- **WHAT TO WORK ON**:
Would you copy all lines in the data that contain the word "Volkswagen"?

Caption-style text data:

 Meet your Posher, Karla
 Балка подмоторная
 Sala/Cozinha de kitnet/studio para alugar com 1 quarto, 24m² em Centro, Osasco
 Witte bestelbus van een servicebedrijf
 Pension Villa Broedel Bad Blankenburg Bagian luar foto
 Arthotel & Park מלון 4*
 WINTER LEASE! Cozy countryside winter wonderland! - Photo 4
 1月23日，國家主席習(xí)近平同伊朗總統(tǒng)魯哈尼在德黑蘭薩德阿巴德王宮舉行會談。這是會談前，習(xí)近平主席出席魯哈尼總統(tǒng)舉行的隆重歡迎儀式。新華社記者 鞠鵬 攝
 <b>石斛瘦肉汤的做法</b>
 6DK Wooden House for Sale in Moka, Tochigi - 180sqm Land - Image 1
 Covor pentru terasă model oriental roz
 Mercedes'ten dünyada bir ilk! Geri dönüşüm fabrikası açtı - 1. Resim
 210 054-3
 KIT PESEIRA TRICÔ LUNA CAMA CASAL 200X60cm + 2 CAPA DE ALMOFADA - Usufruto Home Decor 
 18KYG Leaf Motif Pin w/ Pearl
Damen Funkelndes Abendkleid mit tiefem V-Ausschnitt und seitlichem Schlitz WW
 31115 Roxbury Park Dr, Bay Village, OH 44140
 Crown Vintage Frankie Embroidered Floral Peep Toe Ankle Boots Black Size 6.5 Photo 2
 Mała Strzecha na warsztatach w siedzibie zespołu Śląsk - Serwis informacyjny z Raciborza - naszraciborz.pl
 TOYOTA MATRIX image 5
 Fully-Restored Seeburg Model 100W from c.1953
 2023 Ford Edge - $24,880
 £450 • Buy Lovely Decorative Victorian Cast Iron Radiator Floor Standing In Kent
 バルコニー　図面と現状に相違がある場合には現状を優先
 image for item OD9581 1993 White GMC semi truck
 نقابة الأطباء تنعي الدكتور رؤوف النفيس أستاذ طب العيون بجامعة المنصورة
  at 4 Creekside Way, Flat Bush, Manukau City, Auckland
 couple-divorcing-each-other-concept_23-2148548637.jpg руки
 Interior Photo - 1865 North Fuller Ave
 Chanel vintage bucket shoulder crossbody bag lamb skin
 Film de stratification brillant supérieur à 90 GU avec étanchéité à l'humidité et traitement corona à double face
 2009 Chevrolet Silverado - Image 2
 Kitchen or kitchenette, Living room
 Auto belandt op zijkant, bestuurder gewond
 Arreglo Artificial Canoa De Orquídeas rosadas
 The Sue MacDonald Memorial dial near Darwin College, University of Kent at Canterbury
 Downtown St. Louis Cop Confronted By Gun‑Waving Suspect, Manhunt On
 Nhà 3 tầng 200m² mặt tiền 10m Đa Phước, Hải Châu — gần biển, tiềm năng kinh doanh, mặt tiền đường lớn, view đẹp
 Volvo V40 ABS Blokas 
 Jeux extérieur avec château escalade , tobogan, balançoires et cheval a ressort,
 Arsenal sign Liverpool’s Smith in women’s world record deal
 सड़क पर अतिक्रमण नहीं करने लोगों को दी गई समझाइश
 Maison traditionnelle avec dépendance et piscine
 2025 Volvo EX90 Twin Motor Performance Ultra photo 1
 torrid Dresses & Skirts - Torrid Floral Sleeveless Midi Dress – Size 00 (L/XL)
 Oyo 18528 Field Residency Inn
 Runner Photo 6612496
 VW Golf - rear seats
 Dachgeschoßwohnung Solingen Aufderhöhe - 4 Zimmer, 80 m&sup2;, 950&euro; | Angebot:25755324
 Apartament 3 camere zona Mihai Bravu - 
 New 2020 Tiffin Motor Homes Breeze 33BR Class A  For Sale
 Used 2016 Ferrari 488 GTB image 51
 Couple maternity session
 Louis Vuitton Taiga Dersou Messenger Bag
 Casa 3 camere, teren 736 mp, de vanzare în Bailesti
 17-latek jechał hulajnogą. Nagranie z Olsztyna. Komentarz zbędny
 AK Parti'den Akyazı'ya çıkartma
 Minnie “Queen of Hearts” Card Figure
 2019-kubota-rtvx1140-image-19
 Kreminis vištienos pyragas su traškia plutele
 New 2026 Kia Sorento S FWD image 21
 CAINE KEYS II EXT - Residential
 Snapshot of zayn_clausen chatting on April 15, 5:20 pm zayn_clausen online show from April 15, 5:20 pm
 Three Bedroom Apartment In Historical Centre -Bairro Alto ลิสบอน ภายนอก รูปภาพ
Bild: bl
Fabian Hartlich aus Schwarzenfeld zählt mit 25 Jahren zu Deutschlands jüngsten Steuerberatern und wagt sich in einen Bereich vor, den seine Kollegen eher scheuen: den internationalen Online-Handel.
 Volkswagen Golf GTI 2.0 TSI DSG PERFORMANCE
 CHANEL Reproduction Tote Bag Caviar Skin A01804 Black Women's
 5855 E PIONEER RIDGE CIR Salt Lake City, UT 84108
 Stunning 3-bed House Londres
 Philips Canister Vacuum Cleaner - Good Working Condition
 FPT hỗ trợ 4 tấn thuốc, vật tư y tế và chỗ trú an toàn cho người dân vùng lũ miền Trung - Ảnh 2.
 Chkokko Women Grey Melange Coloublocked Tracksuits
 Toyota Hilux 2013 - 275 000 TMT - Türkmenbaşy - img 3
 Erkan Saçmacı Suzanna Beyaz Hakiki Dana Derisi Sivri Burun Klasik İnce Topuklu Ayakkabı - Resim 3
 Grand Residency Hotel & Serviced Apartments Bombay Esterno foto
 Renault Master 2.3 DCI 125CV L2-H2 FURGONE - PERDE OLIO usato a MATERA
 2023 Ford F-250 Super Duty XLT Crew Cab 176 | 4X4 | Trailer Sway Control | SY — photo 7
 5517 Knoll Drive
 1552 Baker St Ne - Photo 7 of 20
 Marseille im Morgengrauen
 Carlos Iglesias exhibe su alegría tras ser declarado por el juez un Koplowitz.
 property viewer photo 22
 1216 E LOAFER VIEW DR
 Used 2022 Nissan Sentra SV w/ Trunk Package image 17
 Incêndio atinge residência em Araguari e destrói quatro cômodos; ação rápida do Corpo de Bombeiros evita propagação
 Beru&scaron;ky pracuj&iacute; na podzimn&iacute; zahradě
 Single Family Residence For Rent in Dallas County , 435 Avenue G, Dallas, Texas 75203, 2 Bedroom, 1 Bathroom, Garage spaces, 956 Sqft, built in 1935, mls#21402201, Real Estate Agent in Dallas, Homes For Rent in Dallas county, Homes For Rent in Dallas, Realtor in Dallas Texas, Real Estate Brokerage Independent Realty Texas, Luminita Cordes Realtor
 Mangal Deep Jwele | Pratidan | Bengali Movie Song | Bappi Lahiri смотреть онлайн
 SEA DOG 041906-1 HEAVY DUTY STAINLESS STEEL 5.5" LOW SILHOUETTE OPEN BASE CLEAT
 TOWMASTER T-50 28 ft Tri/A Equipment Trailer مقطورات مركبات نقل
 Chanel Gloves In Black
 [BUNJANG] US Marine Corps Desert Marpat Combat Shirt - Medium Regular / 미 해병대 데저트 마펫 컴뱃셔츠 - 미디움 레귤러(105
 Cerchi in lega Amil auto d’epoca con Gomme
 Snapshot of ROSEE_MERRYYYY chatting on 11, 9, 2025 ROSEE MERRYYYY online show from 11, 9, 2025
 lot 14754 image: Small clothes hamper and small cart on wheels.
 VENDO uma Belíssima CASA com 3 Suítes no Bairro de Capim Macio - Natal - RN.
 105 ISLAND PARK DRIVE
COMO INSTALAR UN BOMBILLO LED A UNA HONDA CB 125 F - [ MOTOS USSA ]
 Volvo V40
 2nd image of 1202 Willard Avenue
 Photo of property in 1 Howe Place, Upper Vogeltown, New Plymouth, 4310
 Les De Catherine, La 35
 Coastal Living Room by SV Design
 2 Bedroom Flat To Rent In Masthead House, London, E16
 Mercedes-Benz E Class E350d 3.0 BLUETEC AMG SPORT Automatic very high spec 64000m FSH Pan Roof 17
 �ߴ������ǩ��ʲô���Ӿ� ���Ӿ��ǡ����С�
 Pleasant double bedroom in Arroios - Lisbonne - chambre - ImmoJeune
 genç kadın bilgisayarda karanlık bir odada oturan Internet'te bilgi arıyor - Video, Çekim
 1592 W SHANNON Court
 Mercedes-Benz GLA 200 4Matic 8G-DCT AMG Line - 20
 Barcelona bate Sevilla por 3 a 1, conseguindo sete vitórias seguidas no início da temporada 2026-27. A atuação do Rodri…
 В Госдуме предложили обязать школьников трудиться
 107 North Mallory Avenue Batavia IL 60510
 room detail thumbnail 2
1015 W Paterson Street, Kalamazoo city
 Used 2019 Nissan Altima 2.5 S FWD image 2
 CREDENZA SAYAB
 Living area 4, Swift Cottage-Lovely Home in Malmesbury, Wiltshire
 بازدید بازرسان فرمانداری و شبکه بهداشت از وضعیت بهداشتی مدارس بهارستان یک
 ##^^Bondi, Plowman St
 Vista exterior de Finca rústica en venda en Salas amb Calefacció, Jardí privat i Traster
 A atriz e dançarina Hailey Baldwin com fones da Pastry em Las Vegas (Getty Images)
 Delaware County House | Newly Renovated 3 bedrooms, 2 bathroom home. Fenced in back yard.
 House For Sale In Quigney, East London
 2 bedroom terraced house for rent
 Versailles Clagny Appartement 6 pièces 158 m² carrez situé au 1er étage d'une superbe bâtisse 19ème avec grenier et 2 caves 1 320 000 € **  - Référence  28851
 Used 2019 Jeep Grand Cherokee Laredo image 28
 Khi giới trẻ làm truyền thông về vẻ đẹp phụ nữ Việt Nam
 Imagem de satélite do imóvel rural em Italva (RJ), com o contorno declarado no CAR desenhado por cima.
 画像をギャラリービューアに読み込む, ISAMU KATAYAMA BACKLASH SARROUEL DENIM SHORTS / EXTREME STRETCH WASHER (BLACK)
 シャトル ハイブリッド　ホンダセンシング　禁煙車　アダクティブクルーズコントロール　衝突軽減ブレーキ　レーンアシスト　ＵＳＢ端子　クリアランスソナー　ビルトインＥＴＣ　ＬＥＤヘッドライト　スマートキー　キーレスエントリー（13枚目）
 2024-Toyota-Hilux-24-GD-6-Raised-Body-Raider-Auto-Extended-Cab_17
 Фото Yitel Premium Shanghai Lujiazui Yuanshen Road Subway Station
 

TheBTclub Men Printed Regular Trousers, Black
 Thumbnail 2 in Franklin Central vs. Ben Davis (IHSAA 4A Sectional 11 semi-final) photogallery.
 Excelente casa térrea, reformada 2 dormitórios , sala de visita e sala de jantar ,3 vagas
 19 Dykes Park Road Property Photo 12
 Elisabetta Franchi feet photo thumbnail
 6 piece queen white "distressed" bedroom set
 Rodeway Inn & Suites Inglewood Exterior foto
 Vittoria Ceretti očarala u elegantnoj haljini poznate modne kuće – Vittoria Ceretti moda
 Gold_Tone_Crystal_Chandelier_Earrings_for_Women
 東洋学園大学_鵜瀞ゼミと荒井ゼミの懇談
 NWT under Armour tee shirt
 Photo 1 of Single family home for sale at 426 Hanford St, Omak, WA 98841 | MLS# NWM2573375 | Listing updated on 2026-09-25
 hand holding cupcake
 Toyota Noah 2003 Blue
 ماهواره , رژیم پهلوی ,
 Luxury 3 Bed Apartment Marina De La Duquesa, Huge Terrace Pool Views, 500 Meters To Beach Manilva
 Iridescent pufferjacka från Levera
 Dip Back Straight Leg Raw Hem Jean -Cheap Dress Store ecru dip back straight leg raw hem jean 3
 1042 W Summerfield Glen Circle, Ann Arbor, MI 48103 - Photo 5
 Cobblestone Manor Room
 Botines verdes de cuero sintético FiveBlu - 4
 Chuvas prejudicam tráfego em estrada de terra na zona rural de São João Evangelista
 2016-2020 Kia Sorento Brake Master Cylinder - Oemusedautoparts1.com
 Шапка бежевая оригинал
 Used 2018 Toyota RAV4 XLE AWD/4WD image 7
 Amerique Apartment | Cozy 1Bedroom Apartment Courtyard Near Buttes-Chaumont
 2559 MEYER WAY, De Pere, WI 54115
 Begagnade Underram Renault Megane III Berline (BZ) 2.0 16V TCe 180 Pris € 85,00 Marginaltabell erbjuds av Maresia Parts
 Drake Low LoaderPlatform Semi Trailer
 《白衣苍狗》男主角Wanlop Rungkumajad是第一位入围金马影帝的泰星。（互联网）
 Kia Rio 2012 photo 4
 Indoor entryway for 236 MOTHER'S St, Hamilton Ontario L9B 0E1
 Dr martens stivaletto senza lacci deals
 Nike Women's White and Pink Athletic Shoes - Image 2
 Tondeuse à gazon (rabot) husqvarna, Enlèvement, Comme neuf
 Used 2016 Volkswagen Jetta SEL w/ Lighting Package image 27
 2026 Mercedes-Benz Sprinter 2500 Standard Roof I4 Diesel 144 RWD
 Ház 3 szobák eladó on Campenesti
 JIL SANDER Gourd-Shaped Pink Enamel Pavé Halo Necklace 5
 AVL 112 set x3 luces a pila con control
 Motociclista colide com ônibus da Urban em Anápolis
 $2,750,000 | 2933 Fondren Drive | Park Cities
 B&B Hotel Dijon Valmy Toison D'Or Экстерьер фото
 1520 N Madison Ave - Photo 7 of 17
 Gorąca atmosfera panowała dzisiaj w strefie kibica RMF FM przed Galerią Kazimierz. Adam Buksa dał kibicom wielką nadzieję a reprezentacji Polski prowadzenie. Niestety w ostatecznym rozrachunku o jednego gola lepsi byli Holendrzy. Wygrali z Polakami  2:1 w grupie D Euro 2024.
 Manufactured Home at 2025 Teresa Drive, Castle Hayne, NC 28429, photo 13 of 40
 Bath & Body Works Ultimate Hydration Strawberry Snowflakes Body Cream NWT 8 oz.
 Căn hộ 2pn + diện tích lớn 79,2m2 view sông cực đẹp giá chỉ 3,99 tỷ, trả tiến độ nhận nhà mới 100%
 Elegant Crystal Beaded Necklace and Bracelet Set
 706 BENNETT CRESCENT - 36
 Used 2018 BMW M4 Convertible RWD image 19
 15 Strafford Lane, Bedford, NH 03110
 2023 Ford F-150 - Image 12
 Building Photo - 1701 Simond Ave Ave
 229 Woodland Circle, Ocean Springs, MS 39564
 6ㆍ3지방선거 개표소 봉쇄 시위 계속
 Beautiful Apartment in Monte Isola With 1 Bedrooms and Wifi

- **ANSWER BELOW**:
 Volkswagen Golf GTI 2.0 TSI DSG PERFORMANCE
 Used 2016 Volkswagen Jetta SEL w/ Lighting Package image 27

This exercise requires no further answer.